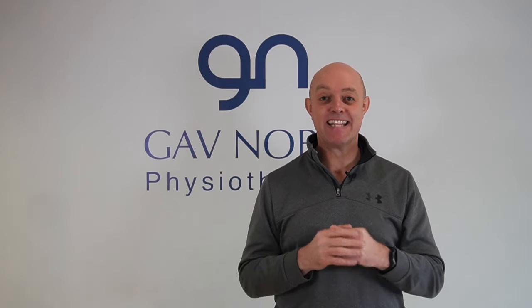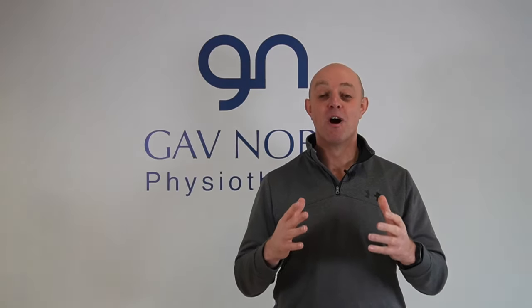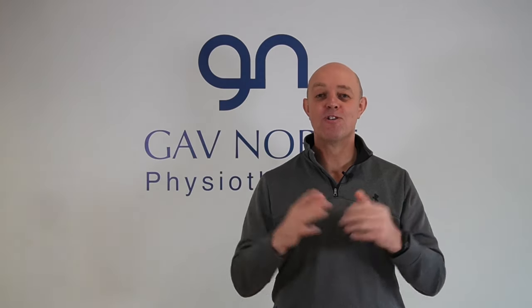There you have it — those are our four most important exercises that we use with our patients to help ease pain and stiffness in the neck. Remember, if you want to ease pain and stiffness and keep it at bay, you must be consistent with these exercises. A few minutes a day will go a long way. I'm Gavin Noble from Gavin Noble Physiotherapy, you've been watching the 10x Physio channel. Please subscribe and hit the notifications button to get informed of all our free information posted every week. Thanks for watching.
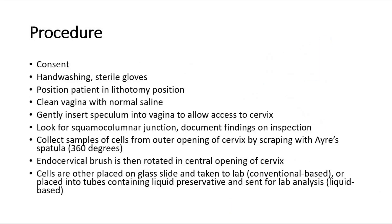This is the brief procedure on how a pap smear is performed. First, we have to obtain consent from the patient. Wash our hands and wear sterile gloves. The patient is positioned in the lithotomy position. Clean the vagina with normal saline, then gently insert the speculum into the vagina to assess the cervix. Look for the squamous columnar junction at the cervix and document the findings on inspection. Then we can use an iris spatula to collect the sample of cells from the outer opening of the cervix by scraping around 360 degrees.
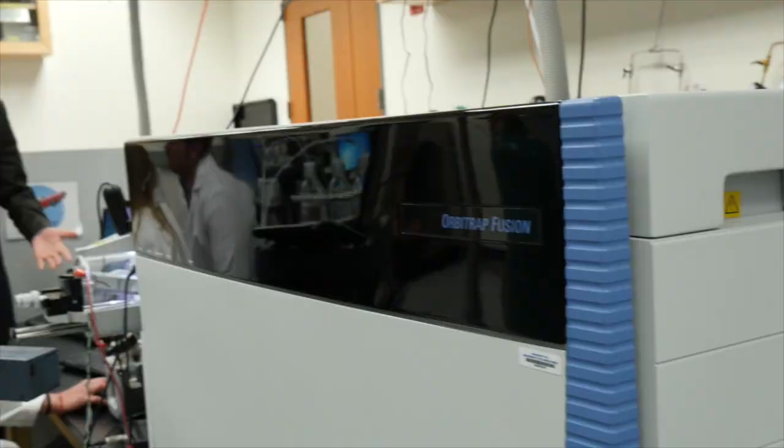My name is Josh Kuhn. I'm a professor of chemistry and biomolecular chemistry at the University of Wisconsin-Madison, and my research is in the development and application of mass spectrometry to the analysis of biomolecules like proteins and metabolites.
- - - - - - -
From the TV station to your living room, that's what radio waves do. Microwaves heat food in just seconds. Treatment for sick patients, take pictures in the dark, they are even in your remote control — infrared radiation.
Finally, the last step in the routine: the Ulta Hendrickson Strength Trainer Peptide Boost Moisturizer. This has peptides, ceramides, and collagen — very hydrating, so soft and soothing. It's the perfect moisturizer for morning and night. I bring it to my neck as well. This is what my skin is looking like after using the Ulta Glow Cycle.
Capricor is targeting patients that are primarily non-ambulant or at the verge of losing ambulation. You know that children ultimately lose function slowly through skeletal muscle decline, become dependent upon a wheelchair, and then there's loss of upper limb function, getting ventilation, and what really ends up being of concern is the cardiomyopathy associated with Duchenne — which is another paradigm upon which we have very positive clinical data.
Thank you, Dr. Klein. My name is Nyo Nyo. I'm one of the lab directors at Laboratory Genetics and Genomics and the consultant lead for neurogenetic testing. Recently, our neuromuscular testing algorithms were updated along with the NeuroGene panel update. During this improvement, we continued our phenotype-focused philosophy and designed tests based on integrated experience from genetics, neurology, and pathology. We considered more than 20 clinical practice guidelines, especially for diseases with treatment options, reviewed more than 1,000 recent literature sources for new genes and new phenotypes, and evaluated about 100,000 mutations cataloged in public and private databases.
- - - - - - -
- ABOUT THIS EXERCISE
From the material above, return every line that contains "what".

- SOLUTION FOR THIS PROBLEM
From the TV station to your living room, that's what radio waves do. Microwaves heat food in just seconds. Treatment for sick patients, take pictures in the dark, they are even in your remote control — infrared radiation.
Finally, the last step in the routine: the Ulta Hendrickson Strength Trainer Peptide Boost Moisturizer. This has peptides, ceramides, and collagen — very hydrating, so soft and soothing. It's the perfect moisturizer for morning and night. I bring it to my neck as well. This is what my skin is looking like after using the Ulta Glow Cycle.
Capricor is targeting patients that are primarily non-ambulant or at the verge of losing ambulation. You know that children ultimately lose function slowly through skeletal muscle decline, become dependent upon a wheelchair, and then there's loss of upper limb function, getting ventilation, and what really ends up being of concern is the cardiomyopathy associated with Duchenne — which is another paradigm upon which we have very positive clinical data.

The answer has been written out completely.